| 31 de Octubre de 2011
ARTICULO DEL MES DE NOVIEMBRE 2011Autor: José Antonio García. Psicólogo.
A la hora de valorar la actitud de los padres y madres de los jugadores/as, debemos pararnos un momento a pensar cuáles son los objetivos que los entrenadores deben plantearse y a partir de este punto entrar a valorar si la actitud de los padres y madres ayuda o entorpece la labor desarrollada para la consecución de dichos objetivos. En este artículo parto de la premisa de que nuestro primer objetivo será la diversión de los niños y niñas que forman parte del equipo. Este concepto es básico, puesto que sobre él edificaremos todo nuestro trabajo posterior. Si el niño o niña no se divierte, jamás conseguiremos que tenga la motivación necesaria para aportar el esfuerzo que necesita todo proceso de aprendizaje. Cuanto más pequeñas/os sean nuestros jugadores/as, mayor hincapié tendremos que hacer en el aspecto lúdico. APRENDER DEBE DE SER DIVERTIDO.
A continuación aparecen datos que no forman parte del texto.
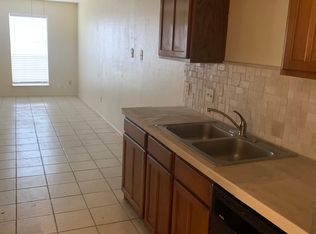 6640 Hardwick Dr, Corpus Christi, TX 78412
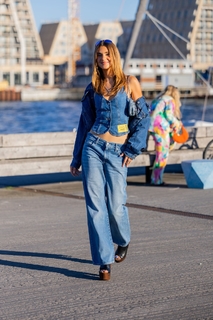 Stefanie Giesinger feet photo thumbnail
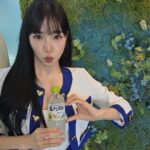 Tiffany Young Instagram - CGV 연남에 '토레타 월드'를 오픈했다고 해요. 도심 속 수분채움을 10월22일까지 꼭 경험해보세요 !! 🏞💧 @coke.deal #토레타월드 #토레타 #수분채움 #광고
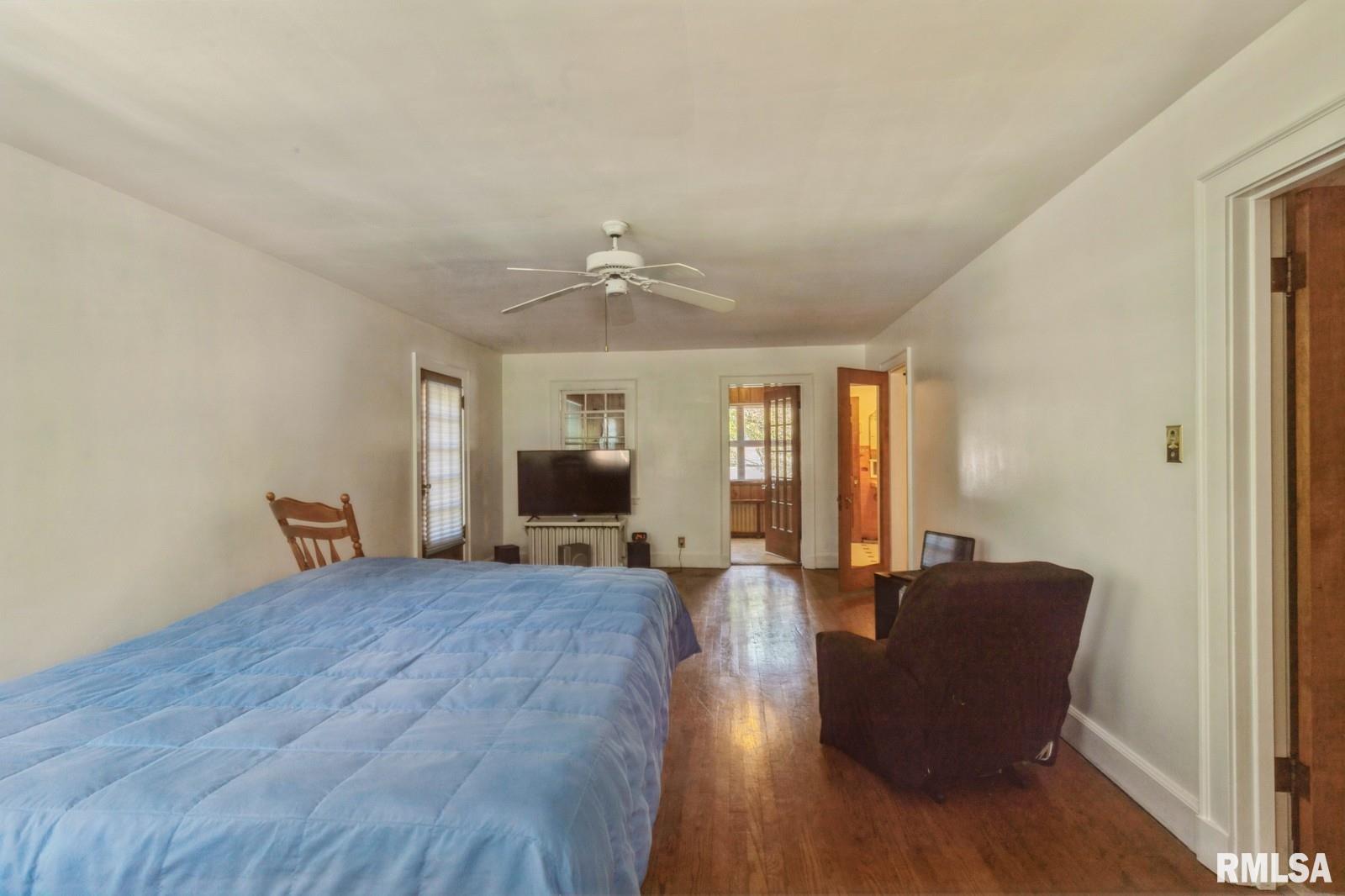 835 5th Avenue South Property Photo 36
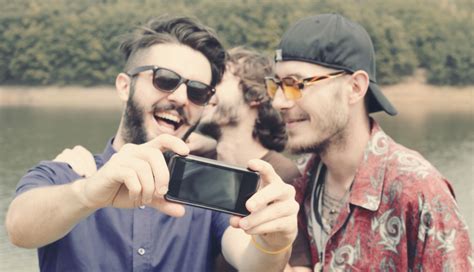 Selfies Linked To Narcissism Psychopathy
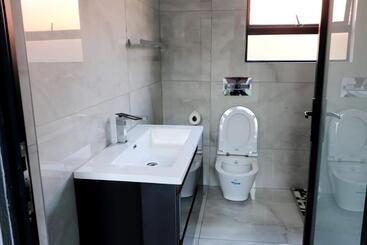 تختخواب و صبحانه The Residence Villa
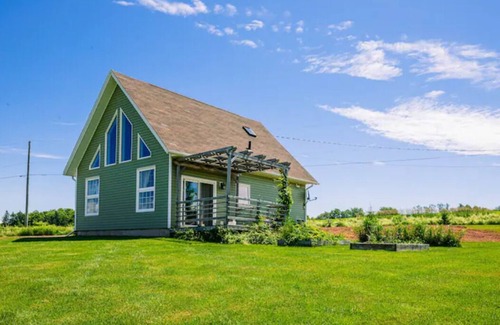 Queens County Casa | Cozy All Season Country Cottage- 15 min to Charlottetown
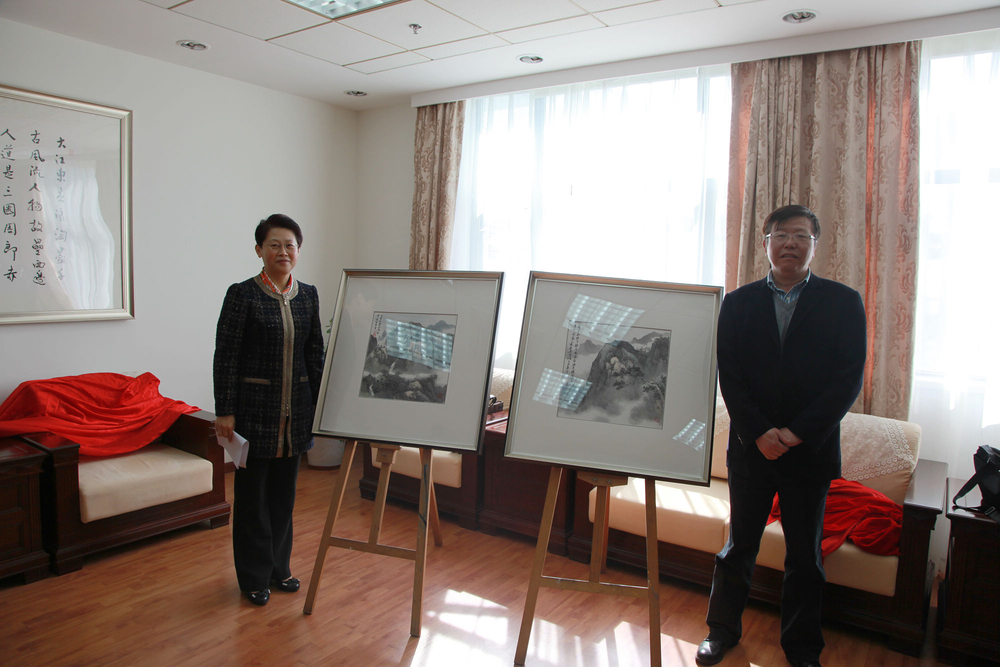 门妍萍副书记和许承兴副院长一同为捐赠的绘画作品揭幕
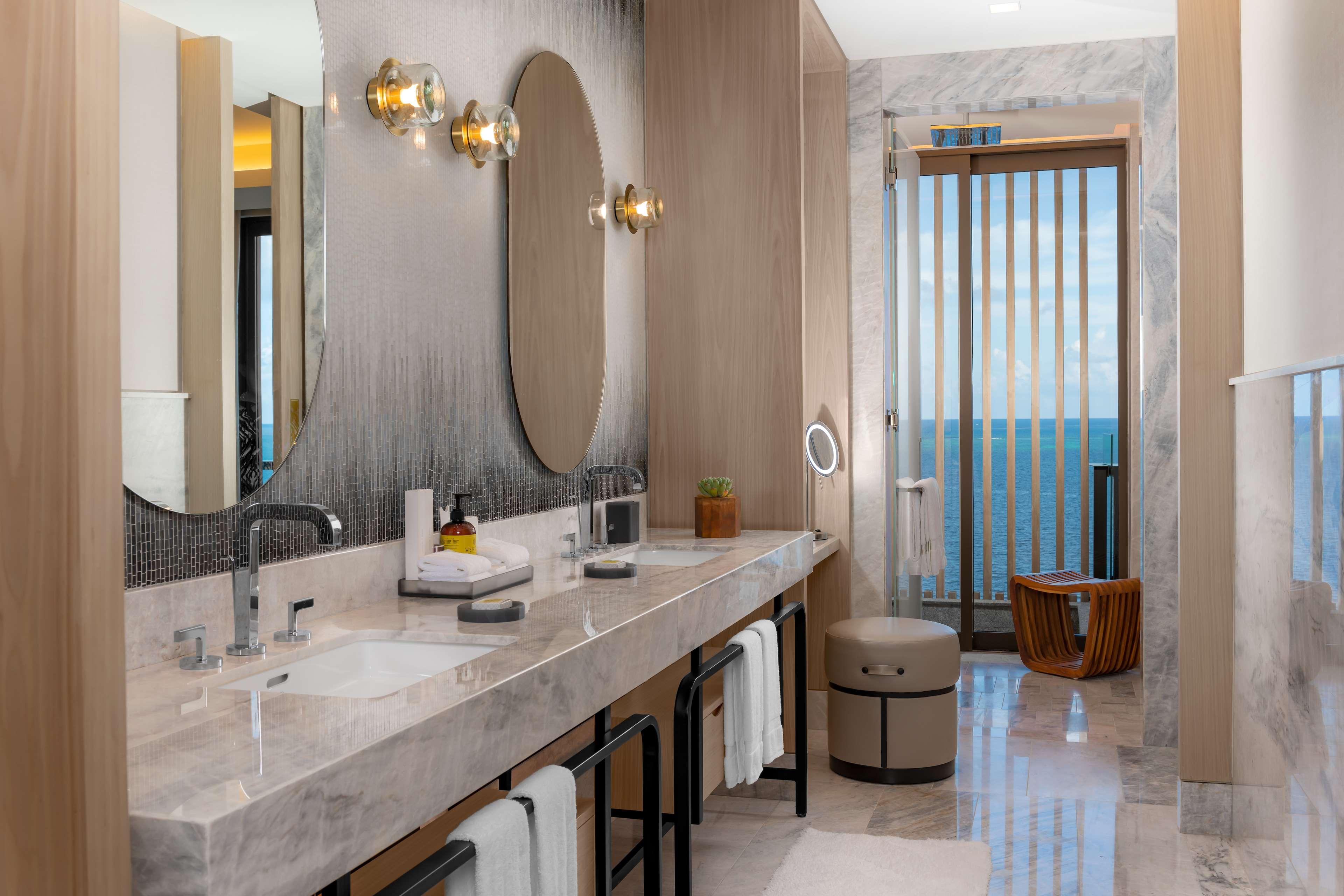 Double Deluxe Ocean Front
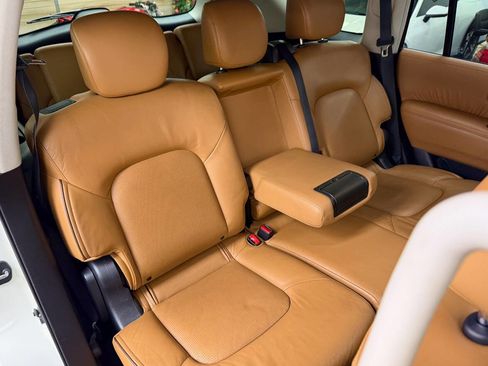 Used 2016 INFINITI QX80 4WD w/ Signature Edition Package image 69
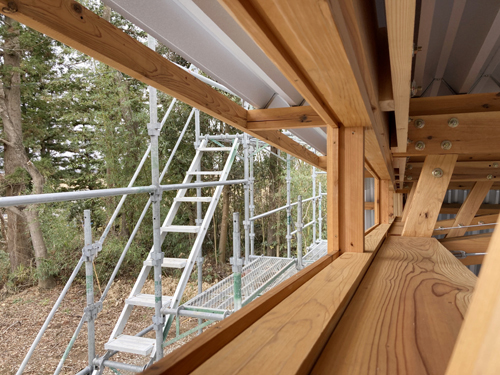 角田木造ガレージハイサイドの軸組2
Después nuestro siguiente objetivo será el de formar personas, lo que en la moderna terminología educativa se conoce como Educación en Valores, para, en último lugar, enseñar baloncesto. Una actitud no adecuada (evitaremos siempre que podamos el término negativo por las connotaciones que posee) de los padres y madres afectará sobre todo a ese objetivo de educar en valores y a la diversión que sus hijos/as encontraran en el deporte, quitándoles la motivación necesaria para aprender a jugar. Ahora, ¿cuáles son esos valores que queremos transmitir a las jugadoras/es? Básicamente respeto. Respeto por sus compañeros, respeto a su entrenador, respeto por las reglas, respeto por el/los árbitro/s, respeto hacia los rivales, respeto por el deporte, por el juego.También debemos intentar inculcar a los niños/as nuestro amor por el deporte, enseñarles a trabajar en equipo, la importancia de la salud, y otro montón de actitudes que necesitan para desarrollarse como personas en sociedad y para las que el baloncesto es una excelente herramienta.
* Durante un partido el padre o/y la madre protesta la decisión de los colegiados. El niño/a aprende que a esas personas se les puede gritar, faltar al respeto, insultar si en un momento han tomado una decisión que creemos que nos perjudica, que no nos ayuda a ganar. Entonces ganar se convierte en lo importante. Si además el padre y/o la madre culpa a los colegiadosde la derrota, el niño verá que la victoria es lo importante, además de aprender a eludir la responsabilidad, impidiendo con eso la motivación para la mejora.
SIN ÁRBITROS NO SE PUEDE JUGAR. SON UNA PARTE DEL JUEGO TAN IMPORTANTE COMO EL BALÓN O LA CANASTA.